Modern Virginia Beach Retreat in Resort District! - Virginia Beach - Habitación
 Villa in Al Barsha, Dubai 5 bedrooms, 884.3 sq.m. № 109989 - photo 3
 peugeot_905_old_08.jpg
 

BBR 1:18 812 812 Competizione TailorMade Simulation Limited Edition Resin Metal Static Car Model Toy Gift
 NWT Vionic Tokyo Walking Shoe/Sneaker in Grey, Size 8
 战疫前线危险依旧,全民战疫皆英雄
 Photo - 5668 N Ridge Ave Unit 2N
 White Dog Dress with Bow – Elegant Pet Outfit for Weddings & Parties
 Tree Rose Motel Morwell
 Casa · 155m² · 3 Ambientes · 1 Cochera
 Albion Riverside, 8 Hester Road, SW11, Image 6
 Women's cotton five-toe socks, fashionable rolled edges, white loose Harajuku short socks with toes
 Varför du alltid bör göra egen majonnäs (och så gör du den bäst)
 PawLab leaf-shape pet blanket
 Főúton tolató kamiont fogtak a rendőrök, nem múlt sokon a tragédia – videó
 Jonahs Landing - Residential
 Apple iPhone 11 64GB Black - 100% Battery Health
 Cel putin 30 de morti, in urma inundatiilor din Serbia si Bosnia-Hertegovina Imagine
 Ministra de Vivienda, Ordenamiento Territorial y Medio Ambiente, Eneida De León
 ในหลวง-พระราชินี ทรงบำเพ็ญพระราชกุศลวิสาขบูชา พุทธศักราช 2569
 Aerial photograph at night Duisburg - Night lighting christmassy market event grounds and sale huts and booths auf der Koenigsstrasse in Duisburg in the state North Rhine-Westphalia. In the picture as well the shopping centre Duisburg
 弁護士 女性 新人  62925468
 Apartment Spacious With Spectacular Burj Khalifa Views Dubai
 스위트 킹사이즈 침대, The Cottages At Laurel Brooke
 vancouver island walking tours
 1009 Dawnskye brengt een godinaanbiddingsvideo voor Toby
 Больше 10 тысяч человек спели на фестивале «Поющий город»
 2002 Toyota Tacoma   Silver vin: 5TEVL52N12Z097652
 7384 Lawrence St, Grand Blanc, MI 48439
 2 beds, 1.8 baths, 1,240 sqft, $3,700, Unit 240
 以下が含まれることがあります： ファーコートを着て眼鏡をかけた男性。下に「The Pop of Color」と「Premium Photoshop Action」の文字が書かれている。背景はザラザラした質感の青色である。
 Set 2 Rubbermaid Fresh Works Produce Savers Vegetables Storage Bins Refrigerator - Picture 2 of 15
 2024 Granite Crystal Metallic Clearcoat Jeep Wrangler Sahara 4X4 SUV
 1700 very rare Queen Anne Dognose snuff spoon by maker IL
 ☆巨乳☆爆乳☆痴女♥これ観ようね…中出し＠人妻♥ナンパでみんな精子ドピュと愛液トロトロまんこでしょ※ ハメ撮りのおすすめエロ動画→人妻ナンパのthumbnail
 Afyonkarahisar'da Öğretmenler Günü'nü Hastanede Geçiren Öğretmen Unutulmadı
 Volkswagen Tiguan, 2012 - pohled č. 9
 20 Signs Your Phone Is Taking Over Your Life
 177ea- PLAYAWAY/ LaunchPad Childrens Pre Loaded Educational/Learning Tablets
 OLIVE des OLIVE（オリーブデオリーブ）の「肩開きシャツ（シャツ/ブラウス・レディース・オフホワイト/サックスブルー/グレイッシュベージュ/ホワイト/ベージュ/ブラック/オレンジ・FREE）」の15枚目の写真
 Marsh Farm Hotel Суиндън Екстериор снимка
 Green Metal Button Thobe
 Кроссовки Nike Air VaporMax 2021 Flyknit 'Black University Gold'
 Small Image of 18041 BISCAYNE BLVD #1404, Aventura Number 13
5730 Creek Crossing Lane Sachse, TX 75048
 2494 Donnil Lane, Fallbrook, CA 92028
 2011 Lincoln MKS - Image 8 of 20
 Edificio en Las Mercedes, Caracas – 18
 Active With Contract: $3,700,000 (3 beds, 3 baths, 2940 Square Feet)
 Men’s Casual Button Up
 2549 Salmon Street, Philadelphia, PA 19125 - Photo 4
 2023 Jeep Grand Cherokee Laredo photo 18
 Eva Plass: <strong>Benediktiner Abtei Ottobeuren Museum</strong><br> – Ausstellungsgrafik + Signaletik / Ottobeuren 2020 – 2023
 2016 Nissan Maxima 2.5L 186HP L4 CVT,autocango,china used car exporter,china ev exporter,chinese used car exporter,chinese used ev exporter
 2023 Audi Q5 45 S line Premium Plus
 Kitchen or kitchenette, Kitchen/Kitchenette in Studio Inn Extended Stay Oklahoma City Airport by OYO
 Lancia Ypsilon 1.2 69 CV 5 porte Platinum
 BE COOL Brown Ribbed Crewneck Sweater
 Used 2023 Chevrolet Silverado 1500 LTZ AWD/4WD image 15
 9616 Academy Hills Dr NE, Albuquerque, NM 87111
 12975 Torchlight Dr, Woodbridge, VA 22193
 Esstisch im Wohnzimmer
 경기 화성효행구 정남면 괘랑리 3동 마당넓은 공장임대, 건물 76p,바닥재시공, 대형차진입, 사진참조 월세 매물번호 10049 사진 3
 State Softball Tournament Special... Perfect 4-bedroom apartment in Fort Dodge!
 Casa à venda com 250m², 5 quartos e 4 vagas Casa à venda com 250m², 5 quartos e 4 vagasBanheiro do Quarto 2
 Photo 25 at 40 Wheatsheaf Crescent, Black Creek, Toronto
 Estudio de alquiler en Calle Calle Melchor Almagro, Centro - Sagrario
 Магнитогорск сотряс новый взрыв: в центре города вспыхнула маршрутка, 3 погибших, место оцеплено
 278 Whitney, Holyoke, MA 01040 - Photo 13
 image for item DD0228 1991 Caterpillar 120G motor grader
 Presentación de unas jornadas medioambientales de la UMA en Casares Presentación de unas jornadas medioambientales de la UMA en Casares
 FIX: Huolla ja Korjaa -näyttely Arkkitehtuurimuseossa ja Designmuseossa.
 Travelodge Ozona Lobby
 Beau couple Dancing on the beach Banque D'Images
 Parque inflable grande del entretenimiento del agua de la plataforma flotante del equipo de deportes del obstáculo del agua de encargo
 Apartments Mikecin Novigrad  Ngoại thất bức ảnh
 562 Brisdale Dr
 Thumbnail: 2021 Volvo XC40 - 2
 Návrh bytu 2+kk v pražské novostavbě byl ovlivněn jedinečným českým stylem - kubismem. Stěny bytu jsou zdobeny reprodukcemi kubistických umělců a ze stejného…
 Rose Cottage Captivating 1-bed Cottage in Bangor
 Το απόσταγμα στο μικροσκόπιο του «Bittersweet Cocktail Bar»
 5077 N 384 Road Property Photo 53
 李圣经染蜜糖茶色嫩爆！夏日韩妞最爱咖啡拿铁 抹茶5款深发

» **Instructions to follow**: Please copy out each line of the material that holds the string "baths".

» **Task answer**:
 2 beds, 1.8 baths, 1,240 sqft, $3,700, Unit 240
 Active With Contract: $3,700,000 (3 beds, 3 baths, 2940 Square Feet)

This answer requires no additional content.